:: Available data ::

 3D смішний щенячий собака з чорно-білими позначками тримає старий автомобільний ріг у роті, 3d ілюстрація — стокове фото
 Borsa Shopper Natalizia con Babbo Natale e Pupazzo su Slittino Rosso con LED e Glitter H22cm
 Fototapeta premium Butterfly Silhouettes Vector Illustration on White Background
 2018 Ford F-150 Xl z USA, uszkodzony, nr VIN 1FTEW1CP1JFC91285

:: Assignment ::
Up to and including the last line of the data, copy each line exactly, starting with the line that contains "Fototapeta premium Butterfly".

:: Solution below ::
 Fototapeta premium Butterfly Silhouettes Vector Illustration on White Background
 2018 Ford F-150 Xl z USA, uszkodzony, nr VIN 1FTEW1CP1JFC91285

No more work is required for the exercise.